┏━━

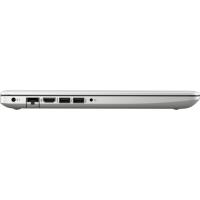 HP 15-DA2018NT 9CV12EA i7-10510U 16GB 1TB+128SSD 4GB MX130 15.6" FDOS (5WA15EA Yerine)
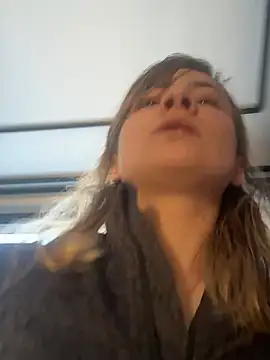 Snapshot of IsabellaEtha chatting on 01-10-26, 01:17 IsabellaEtha online show from 01-10-26, 01:17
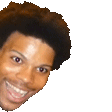 :YoinkTryhard:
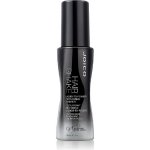 Joico Hair Shake Liquid-To-Powder Texturizer 150 ml – Zboží Mobilmania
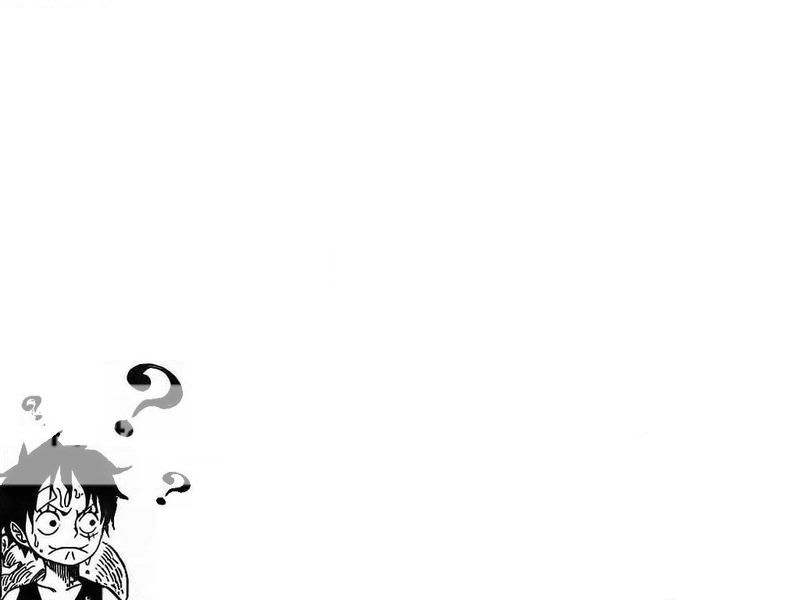 ewasnewbackground.jpg luffy the monkey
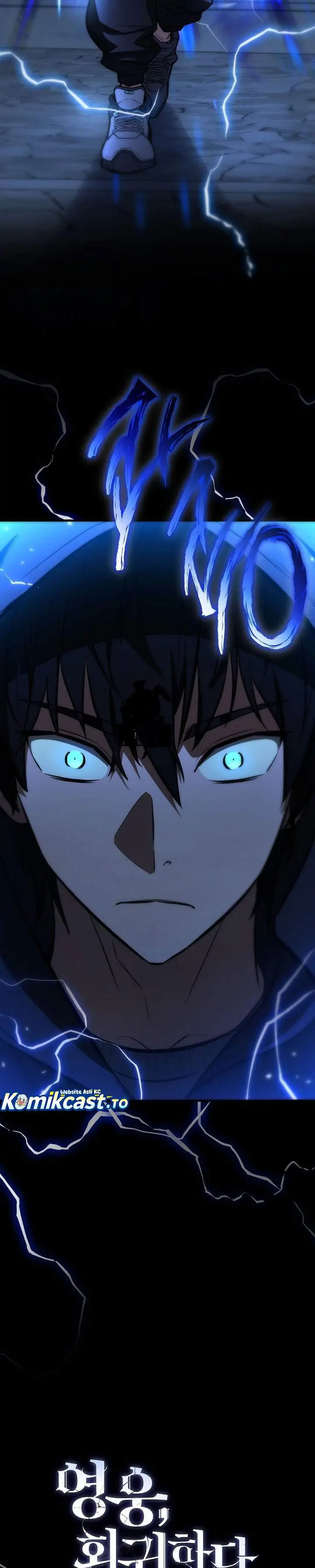 image-komik-the-hero-returns-chapter-139-12/41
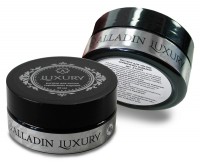 211075 ALLADIN LUXURY,  50ml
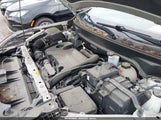 GMC Terrain Sle 3GKALMEV5JL308572 fotografie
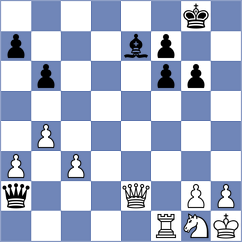 Ostapenko - Belmeskin (Irkutsk, 2010)
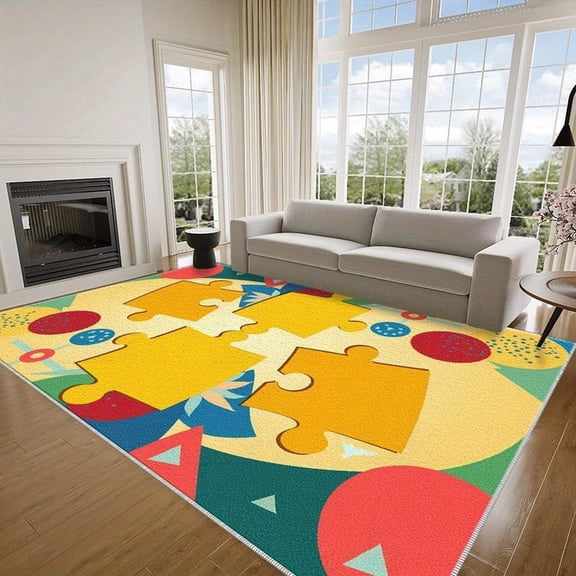 3'x5' carpet for living room soft carpet area rug round living toom area rug rug grippers for area rugs
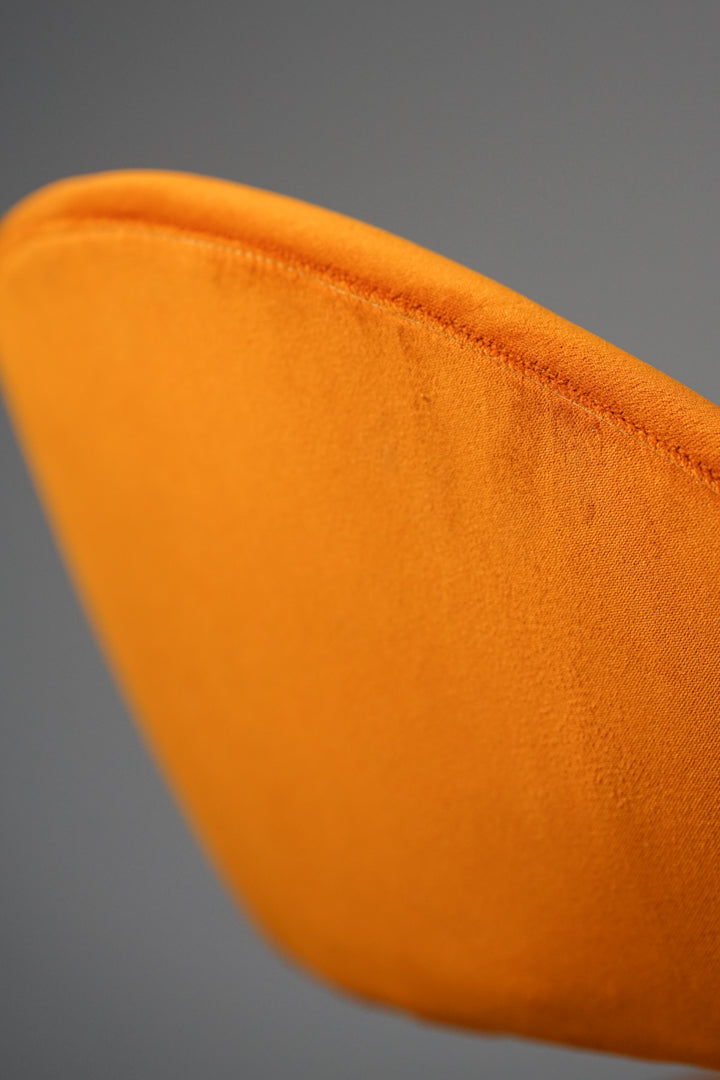 Model DU 55 P armchair, Gastone Rinaldi, 1950/1960s, Italy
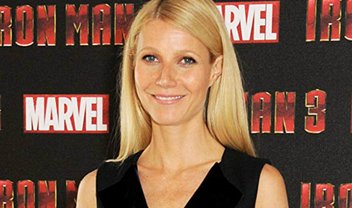 Vingadores 4: em foto, Gwyneth Paltrow confirma presença de Resgate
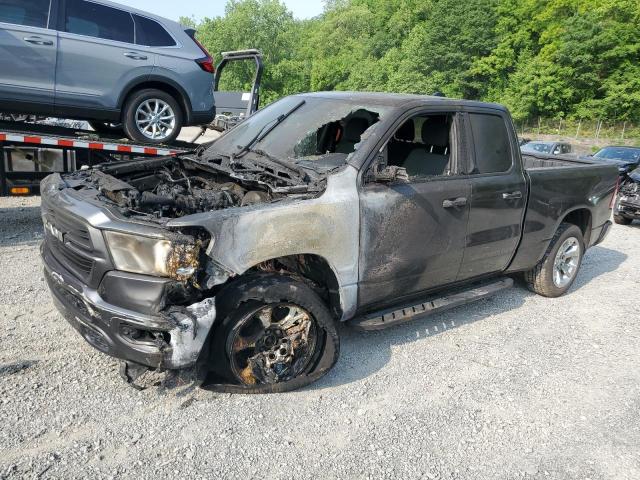 2020 RAM 1500 BIG HORN/LONE STAR, 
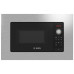 Микроволновая печь BOSCH BFL623MS3 Микроволновая печь BOSCH BFL623MS3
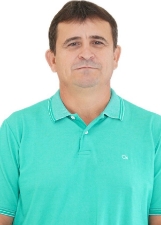 DINIM BELISÁRIO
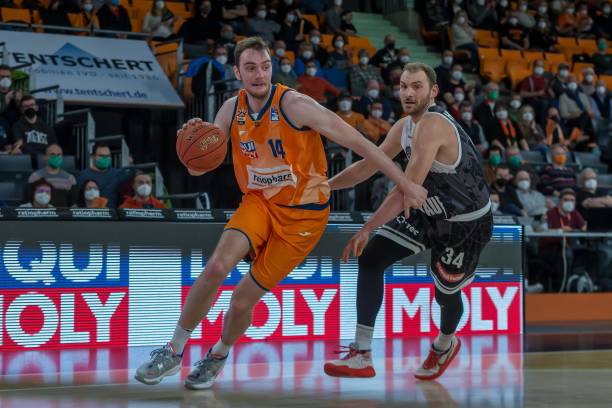 总投入更是 总投入更是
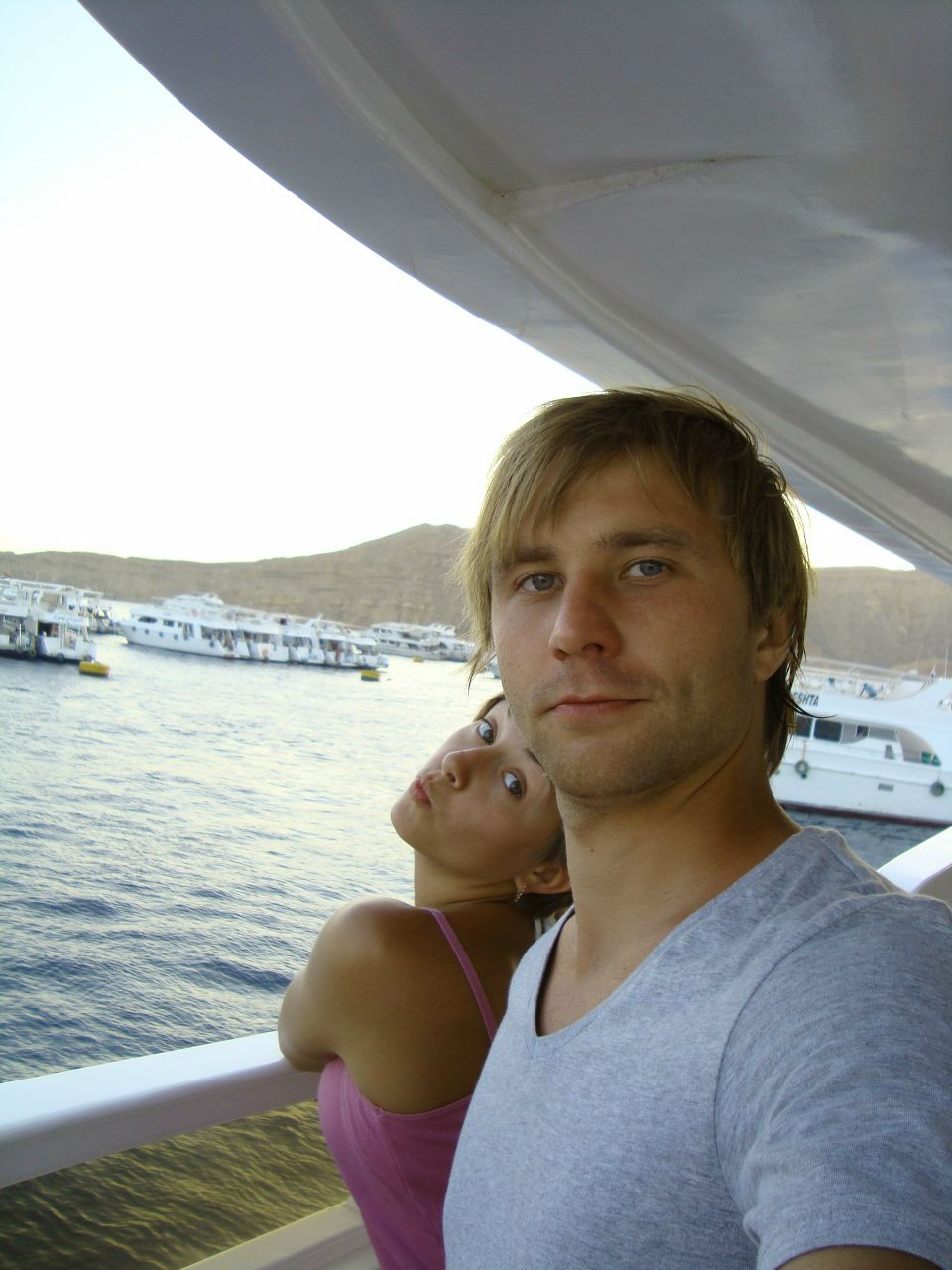 Юра Семенов | Одесса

┗━━

▶ **What this task involves**
An exact transcription is needed of the lines from the one with "image-komik-the-hero-returns-chapter-139-12/41" to the one with "Ostapenko - Belmeskin (Irkutsk, 2010)" above, both ends included, with pictures left out.

▶ **Response below**
 image-komik-the-hero-returns-chapter-139-12/41
 211075 ALLADIN LUXURY,  50ml
 GMC Terrain Sle 3GKALMEV5JL308572 fotografie
 Ostapenko - Belmeskin (Irkutsk, 2010)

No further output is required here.